Alton Brown's Rebooted "Good Eats"


(Bob M) #1

Back when I was high carb, I loved Alton Brown’s Good Eats show. He’s the one who started me brining my Thanksgiving turkey, for instance. I made basically every recipe I saw.

While I still love the show, it’s nerd-central at times, and both my kids are or have been hooked on it, now that I’m keto, with many more years of cooking, it’s tougher to watch. For instance, he does a reboot of a pressure cooker show, and he discusses the Instant Pot…then uses a “third generation” pressure cooker you put on the stove. He says it’s because the pot can be used for other things…but I don’t make anything in a massive stock pot. I usually just use the Instant Pot for that. I don’t boil veggies (roast them instead), don’t cook pasta, etc. So another large pot is useless to me.
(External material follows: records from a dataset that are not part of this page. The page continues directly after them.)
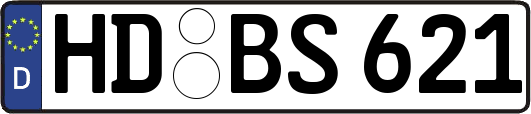 HD-BS621
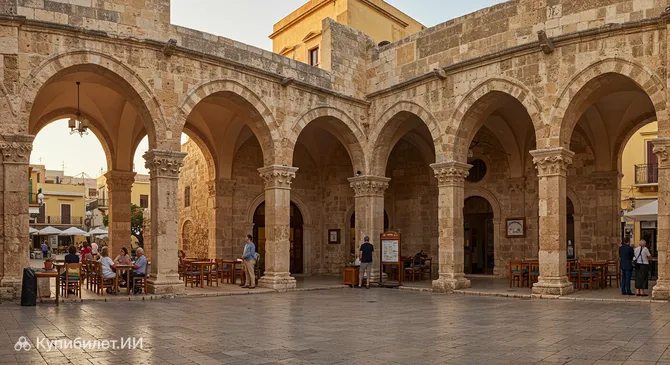 Венецианская лоджия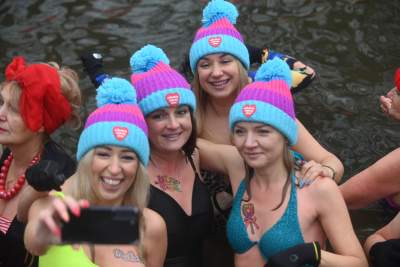 Krakowski Klub Morsów Kaloryfer gra razem z WOŚP - zdjęcie 13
He did a sous vide show where he cooked beef, which looked great. However, the beef was for sandwiches. Doh! He also made cheesecake and an aperitif. So, 1/3 of the show is relevant to me.

With my youngest, we watched a show about “ice box cakes”. Were I still high carb, I’d be making that over this weekend. However, being keto, there’s no way I could make anything on the entire show. The science was interesting, though.

So, while I still love the premise of Good Eats, it’s tough to watch. (And how the heck does he eat this stuff and stay so thin?)


(Libby) #2

I used to watch Alton Brown with such devotion that my husband actually started making snarky jealous remarks about it! hahahaha. That cheesecake recipe is the bomb!


#3

I like America’s Test Kitchen and Milk Street, but find I have the same problems with them–usually there’s only one thing of two or three that I can make and the others just make me miss carbs.


(Full Metal KETO AF) #4

I think it’s about time for a great chef doing keto on the Food Network or some other cooking channel. Man vs Fire has some keto stuff, at least from memory it did. Alton Brown is fun. :cowboy_hat_face:


(Bob M) #5

@LibbyL I have done a sous vide cheesecake recipe, and it was very good. I only do that for holidays, though. Maybe I’ll covert a low carb cheesecake recipe and try that this year.

@ZuleikaD I also record America’s Test Kitchen (did not know about Milk Street), but like you, I have to sort through them to find something I like. I have a great pork and peppers recipe from them, and a few others. Even with the pork and peppers recipe,though, they use sugar to brine the pork and use wheat flour as a thickener. I revise to eliminate those.

@David_Stilley It might be that Alton Brown can’t really discuss much science for meat. There is some science (brining, sous vide, etc.), but not a lot. It would be nice to see a paleo/primal/low carb/keto chef. I guess you have to go to – horror of horrors! :grinning: – You Tube for that.


#6

Milk Street is Christopher Kimball’s new show, since he left ATK. The emphasis is different. At ATK it’s really about finding things that are good and appeal to the widest range of palates. Milk Street kind of flips that on it’s head and says their goal is “bold and simple.” So they do a lot of international travel and then bring dishes from Asia and Africa and South America, etc. back to the kitchen and create those dishes using ingredients most people can get at the supermarket or with minimal specialty store trips.

Christopher Kimball irritates me and he’s trying to be Anthony Bourdain. Chris Kimball will never be a badass, no matter how many trips he makes to Ghana. But the food is good. Like most cooking shows, though, you’ll have to re-work around all the carbs.


#7

I used to love cooking shows, all of them, 24kitchen was the only channel I watched, endless youtube channels, I would devour recipes, testing, planning… I baked, I cooked, I studied recipes, the science of baking, everything!! I don’t watch them anymore, it felt like I was playing a masochistic game with myself. :joy: I’m still mourning the loss, baking was my antidepressant and my creative outlet, but I will fondly remember those good old days…


(Bob M) #8

I always thought that baking was good for me, as it allowed the engineer in me to follow recipes. I even weighed ingredients, if they provided weights. One of my favorite Alton Brown shows was when he did three different types of chocolate chip cookies (thin, chewy, thick - I think) and told you WHY they came out that way. It was part fat melting point and part type of sugar, if I remember correctly.

I still enjoy cooking, but there aren’t as many techniques in cooking meats as there are in baking.

@ZuleikaD Thanks, I’ll see if I can record some Milk Streets. I still miss Kimball from ATK.